■ Problem to solve
Quote exactly and only this range of lines in the data below: the line that holds "A farmer collects" to the line that holds "Banner profilu", both included.
Supplied records section start
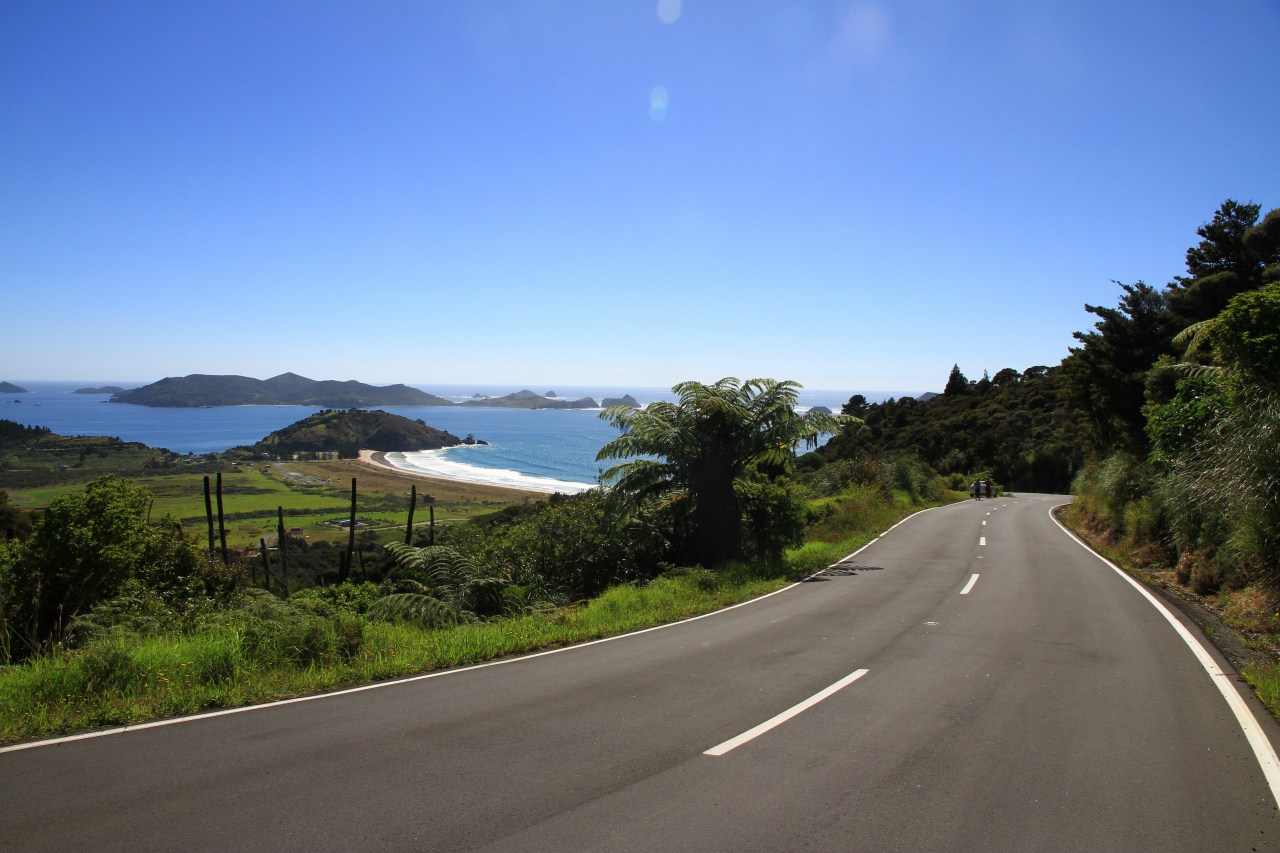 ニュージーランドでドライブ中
Supplied records section end
Supplied records section start
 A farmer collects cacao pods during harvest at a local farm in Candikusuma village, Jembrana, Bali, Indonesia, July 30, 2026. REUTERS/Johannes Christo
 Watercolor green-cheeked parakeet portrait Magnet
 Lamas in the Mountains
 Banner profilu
Supplied records section end
■ Your response
 A farmer collects cacao pods during harvest at a local farm in Candikusuma village, Jembrana, Bali, Indonesia, July 30, 2026. REUTERS/Johannes Christo
 Watercolor green-cheeked parakeet portrait Magnet
 Lamas in the Mountains
 Banner profilu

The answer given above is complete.